Осенью 1939 года приказом наркома обороны был объявлен дополнительный призыв в Красную Армию. Зачем-то понадобилось увеличить и без того огромную, самую большую в мире армию (с какой целью это делалось, несколько прояснилось позже)... Призывные повестки получили студенты начальных семестров многих вузов. Получил повестку ия — студент первого курса Московского архитектурного института.

Этой же осенью меня «забрили», правда, не в пехоту, как пугали, а в артиллерию. После ускоренного обучения в Шепетовке нас отправили во Львов, осваивать бывшую польскую территорию.

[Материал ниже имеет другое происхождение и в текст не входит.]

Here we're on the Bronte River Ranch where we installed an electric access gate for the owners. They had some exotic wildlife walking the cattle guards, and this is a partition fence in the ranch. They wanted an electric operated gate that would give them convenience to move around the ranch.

С постижением атрибутов военной службы особых проблем не возникало (вот только с портянками и обмотками справился не сразу...) Даже оказался на дивизионной доске Почета, как «отличник боевой и политической подготовки». Прошло немного времени — и еще того не легче: мою фотографию помещают на гарнизонную доску Почета возле Дома офицеров — я задержал сразу пять странных поляков. Может, они и вправду хотели взорвать склад боеприпасов, а может быть, и нет. Я стоял ночью на посту, они ехали на санях. Пришлось уложить их в снег и задержать. А позднее прошел слух, что это были диверсанты, собиравшиеся уничтожить гарнизонный склад снарядов, хотя ружье у них, кажется, было охотничье...

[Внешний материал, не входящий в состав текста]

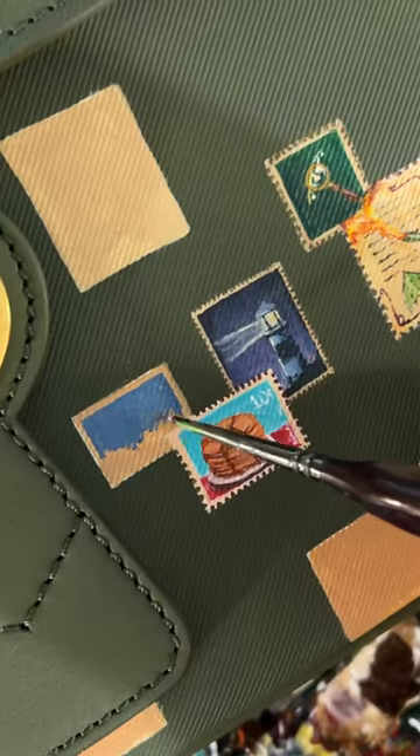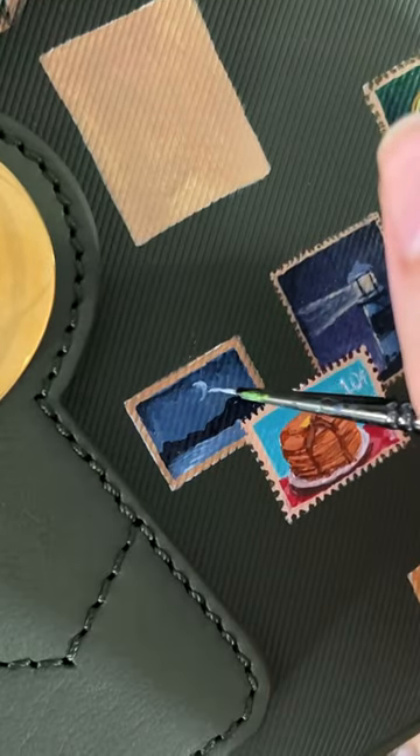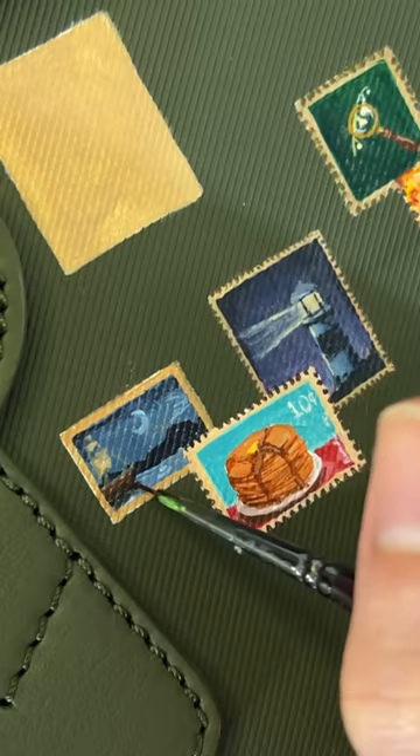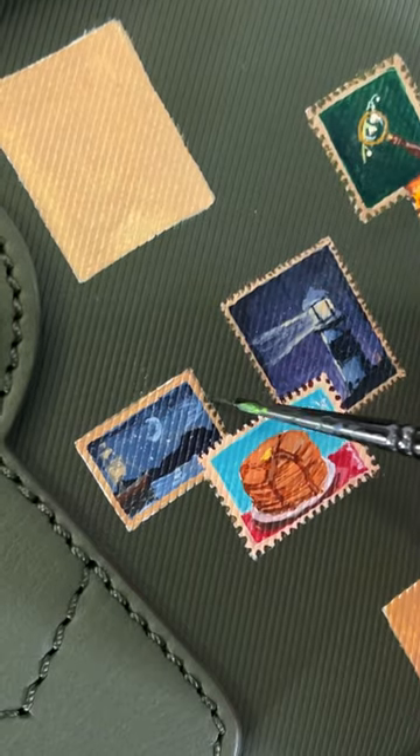I'm painting stamps on this Barbara bag. Y'all wanted a ship going towards the lighthouse. You specifically wanted a pirate ship, but it barely looks like a ship by the end, so I wasn't gonna try to get specific.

За все эти мнимые и действительные заслуги я угодил на курсантскую батарею, а это означало присвоение сержантского звания и лишний год службы. Как говорится — доигрался! Надо было срочно что-то предпринимать. Нашлись единомышленники, двое студентов из Москвы: Анатолий Харчев и Михаил Дадонов. Чтобы избежать присвоения звания, решили нарушить воинскую дисциплину. Когда все ушли на занятия, мы втроем остались. Свернули по длиннющей «козьей ножке», закурили и разлеглись одетыми на койках. Явился старшина. Приказал встать. Мы, конечно, не встали. Он поочередно приказывал каждому из нас взять винтовку и под конвоем отвести двух других на гауптвахту. В конце концов мы добились своего и добровольно, без всякого конвоя, сами отправились туда. Просидели недолго. Пришел приказ переместиться к юго-западной границе (это был апрель 1941 года). Звание сержантов, не испросив нашего согласия, нам все же присвоили.

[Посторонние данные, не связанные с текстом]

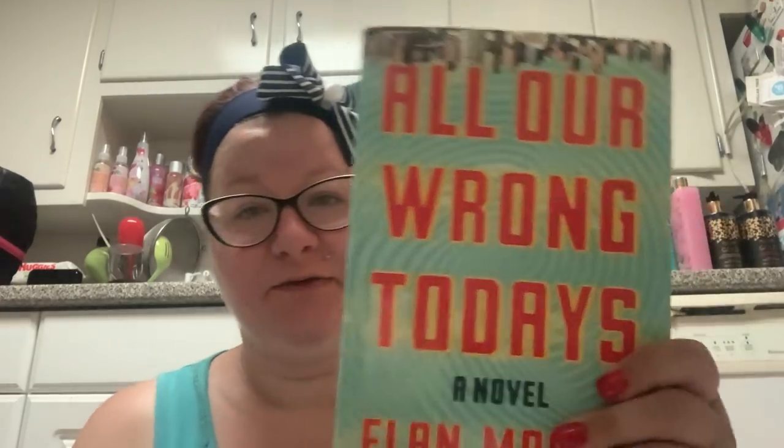Then I got this book which I'm anxious to read. It's called All Our Wrong Todays and it seems like a really, really good book. Does it have new book smell? I guess it does. That's one bag done.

...Началась Отечественная война. Ее первый день я встретил вблизи границы, в Бессарабии. Сержантом провоевал недолго, до первого ранения, когда на позицию батареи-с тыла прорвались немецкие танки, принятые за свои. Тогда мало кто уцелел. Раненых подобрали и доставили в госпиталь. Раненный в голову Миша Дадонов умер, не приходя в сознание. Мне пуля попала в ногу, к счастью, не повредив кость. Потом, при выписке из госпиталя, я записался рядовым. За два предшествующие года службы в армии слишком часто пришлось сталкиваться с невежеством и бездарностью, особенно среди высшего комсостава. Такими были и приказы. Проще было выполнять их самому, чем заставлять подчиненных. В ходе войны суровая действительность и неудачи первых месяцев вносили полезную корректировку. Но к тому времени я уже действовал по собственной инициативе.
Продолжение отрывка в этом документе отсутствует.